100th Anniversary Of Titanic's Sinking

A maintenance guide to the doomed ocean liner Titanic has been released before the 100th anniversary of its sinking.

The ship, which has lain in two broken parts at the bottom of the Atlantic Ocean since 1912, is the subject of a work by the Haynes series of engineering books.

The RMS Titanic Owners' Workshop Manual has hundreds of photographs and illustrations detailing how the ill-fated ocean liner was built, launched and fitted out.

Diagrams of the vessel show the features that were meant to make the Titanic unsinkable before her fateful maiden voyage, during which she struck an iceberg and sank with the loss of 1,517 lives on April 15, 1912.

A Haynes spokesman said:

"Titanic's 15 watertight bulkheads were believed at the time to make her one of the safest ocean liners in the world.
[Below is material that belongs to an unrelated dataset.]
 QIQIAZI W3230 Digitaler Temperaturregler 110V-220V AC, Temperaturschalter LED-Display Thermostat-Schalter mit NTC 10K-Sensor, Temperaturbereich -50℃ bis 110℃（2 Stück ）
But these bulkheads did not extend high enough and this, along with insufficient lifeboats, proved to be her Achilles' Heel."

Designed to carry around 3,300 passengers, many of them in the Edwardian opulence of the First Class accommodation, Titanic was one of the largest ocean liners of the time, built for comfort rather than speed on the journey across the Atlantic.

The manual shows everything from First Class dining rooms to the squalid engine rooms, where 48 firemen known as the "black gang" stoked the coal furnaces that drove the engines at any one time.

Daily life on board the White Star Line's flagship vessel is also described, such as the captain's responsibilities; how the chief engineer kept the ship and its systems running; and how an army of staff toiled below deck, from the engine rooms to the kitchens.